In a very ‘meta’ analysis, the MonkeyLearn blog applied machine learning to coverage of startups in hundreds of thousands of articles from three of the most popular news outlets that cover them: TechCrunch, VentureBeat and Recode. The goal was to discover cool trends and insights. They asked interesting questions like:
- What are the hottest industries for startups right now?
- Do machine learning startups get more press than fintech startups?
- What is the startup segment with most acquisitions?
While this series of articles is most valuable for showing you, step-by-step, how you can apply machine learning to almost any data set, it does bring to mind a future scenario, where machine learning systems are generating startups which are then evaluated by other AIs and then a third group invests in them. The potential future of human obsolescence knows no bounds.
When I raised concerns about problems I would often hear the phrase “that’s just an engineering problem; let’s move on.” I later realized that’s code speech for “I don’t think a paper mentioning this would get through the peer review process.”
– Denny Britz
Author Denny Britz makes a personal and impassioned observation that the reason that deep learning is not moving forward fast enough is…a lack of engineering rigor. Britz makes the case that too often, academic deep learning researchers build their research on top of previous research instead of shared knowledge. This protects their exclusivity, but often means that anything outside of your respective bubble takes too much work in recreating code to be worthwhile. Which means that deep learning researchers are recursively relying on their own previous mistakes without enough outside rigor, or the attempts to re-engineer others’ work introduces unknown new mistakes.
Ironically, the consequences of this unintentional recursion show up in even the bread-and-butter of artificial intelligence research. The fact that Google’s AI sees dog faces everywhere should be a warning to humans doing research in the exact same field.
At its core, the web is trust-based: the details are in how computers can trust other computers, and increasingly, how people can trust other people. While we hear a lot about the many malicious actors that are working on spoofing both kinds of trust, this research from the University of Chicago was refreshing. It shows that while the economics of the internet and machine learning can enable bad actors, those same economics can lead to solutions that stop them.
The researchers looked at a new class of attacks that leverage deep learning language models (Recurrent Neural Networks or RNNs) to automate the generation of fake online reviews for products and services. These attacks are cheap and therefore scalable. They also add in tricks to prevent detection, such as modulating the rate of output and using a multi-stage review and editing process to make the reviews essentially indistinguishable to both state-of-the-art statistical detectors and human readers.
Happily, they go on to develop novel automated defenses against these attacks by leveraging the lossy transformation introduced by the RNN training and generation cycle. They even look at countermeasures against their measures, and show that they produce unattractive cost-benefit tradeoffs for attackers, and that they can be further curtailed by simple constraints imposed by online service providers.
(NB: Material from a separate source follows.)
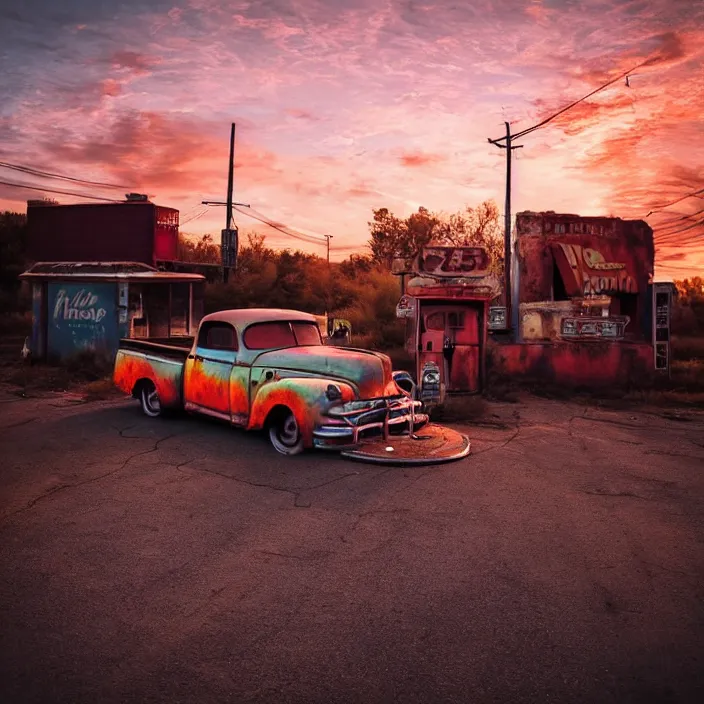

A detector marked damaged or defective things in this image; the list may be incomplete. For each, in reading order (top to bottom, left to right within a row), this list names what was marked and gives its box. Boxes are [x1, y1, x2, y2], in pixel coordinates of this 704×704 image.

rusty pickup truck [113, 308, 434, 456]
colorful rust patina [113, 308, 438, 456]
cracked asphalt [1, 390, 704, 704]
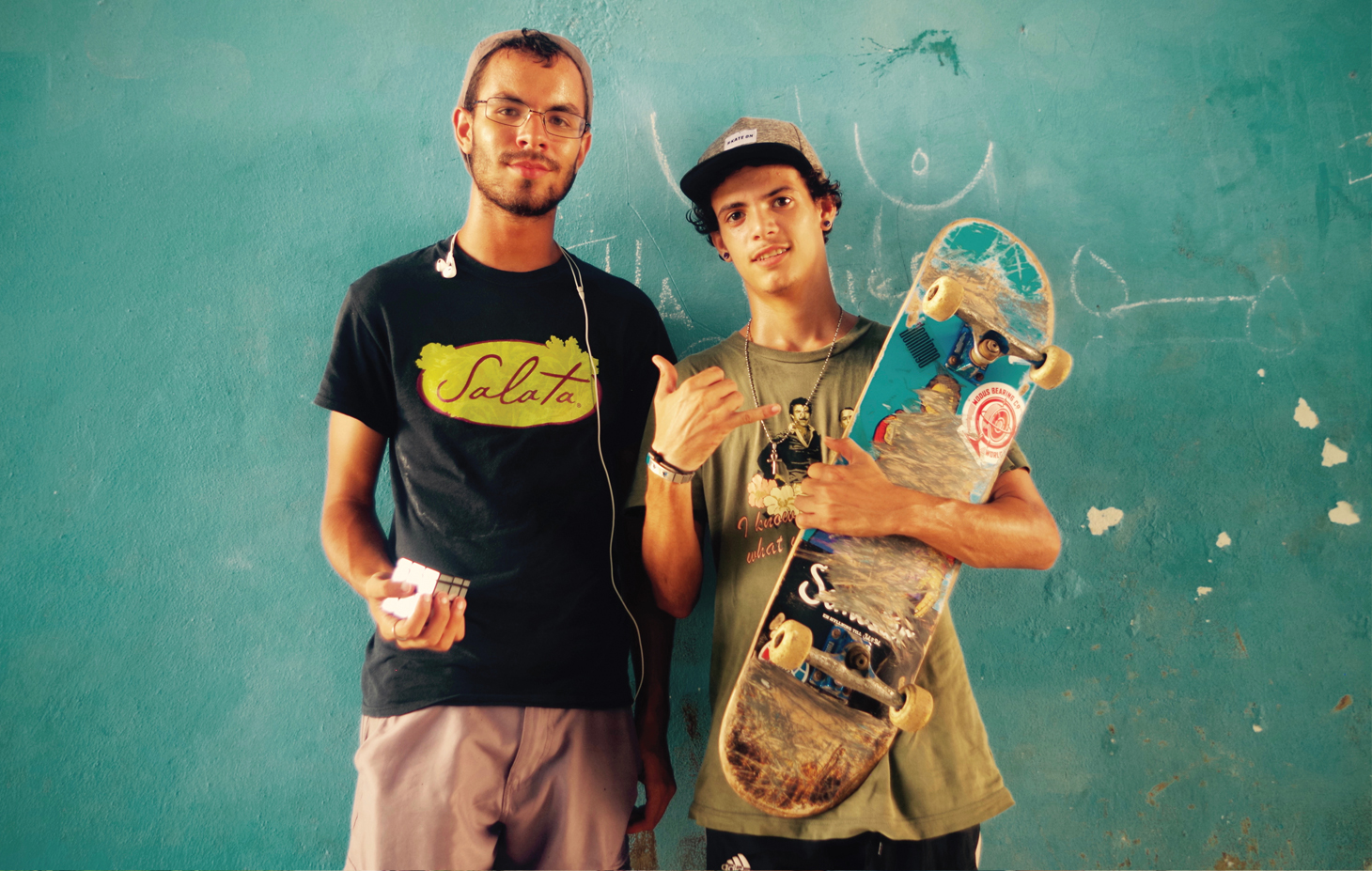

If you’ve come this far, you’ve earned this. In the last few days, news coverage about the existence of FakeApp, a piece of deep learning software that makes it very easy to map anyone’s face onto almost any video, with startlingly convincing results. The developer of the software claims he’s not a professional researcher, just a programmer with an interest in machine learning.
“I just found a clever way to do face-swap,” said the creator of the software, referring to his algorithm. “With hundreds of face images, I can easily generate millions of distorted images to train the network. After that if I feed the network someone else’s face, the network will think it’s just another distorted image and try to make it look like the training face.” He may be using an algorithm similar to one developed by Nvidia researchers that uses deep learning to, for example, instantly turn a video of a summer scene into a winter one.
Like many new technologies, it’s unclear whether the results will be useful, nefarious, or simply hilarious. If we’ve learned anything so far, it’s probably all three.